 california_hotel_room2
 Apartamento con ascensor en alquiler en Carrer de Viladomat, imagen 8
--
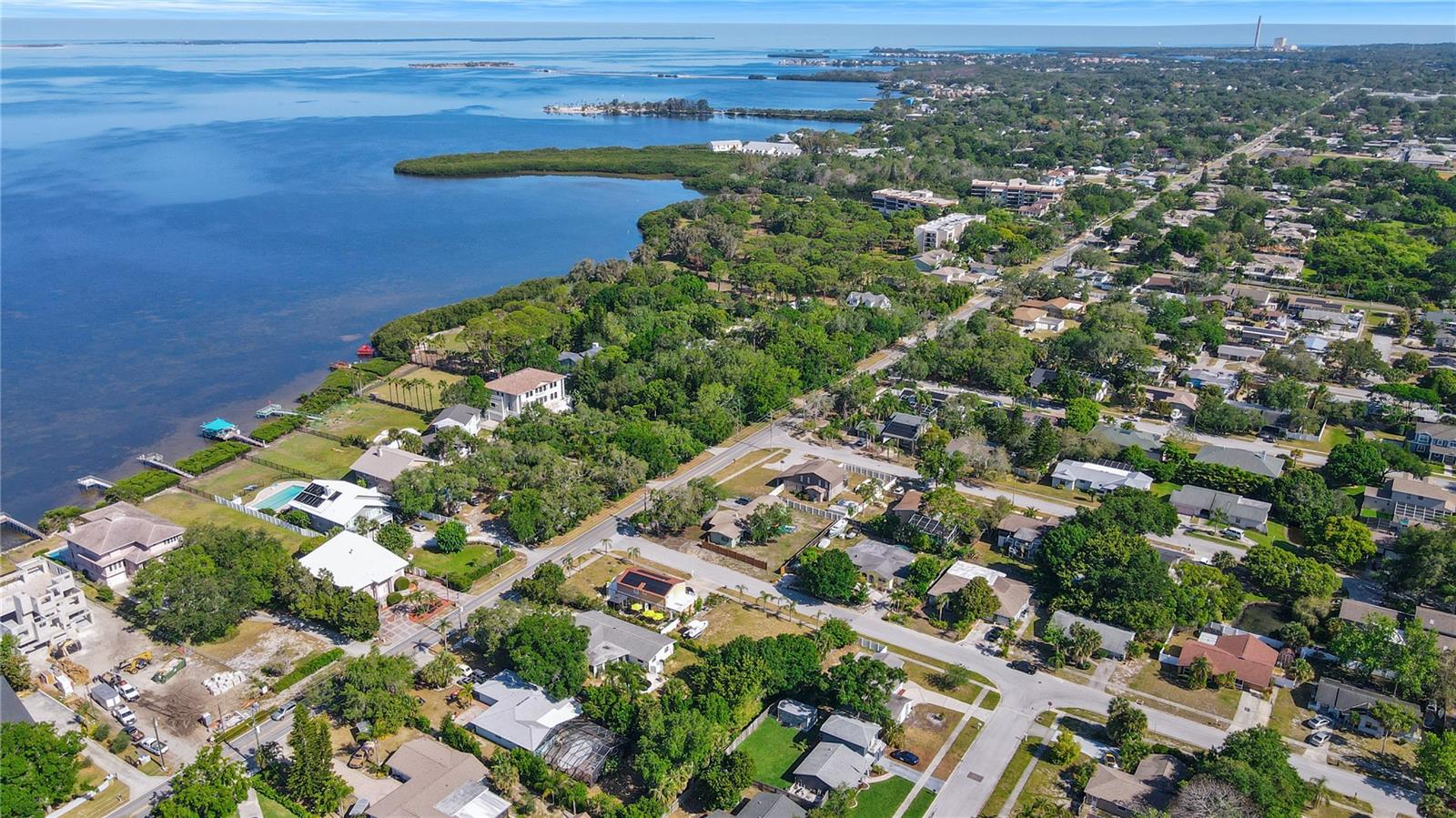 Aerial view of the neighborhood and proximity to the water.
--
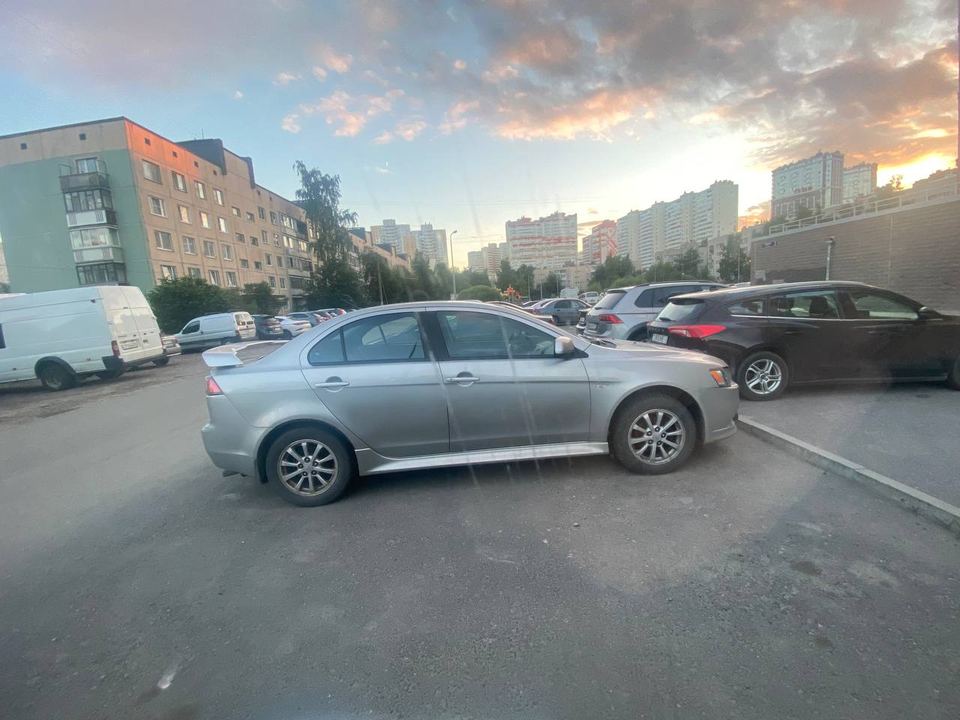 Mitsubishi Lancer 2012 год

» TASK TO CARRY OUT
In the listing above, locate the line containing "california_hotel_room2" and the line containing "Apartamento con ascensor", then transcribe both and every line between them verbatim.

» SOLUTION
 california_hotel_room2
 Apartamento con ascensor en alquiler en Carrer de Viladomat, imagen 8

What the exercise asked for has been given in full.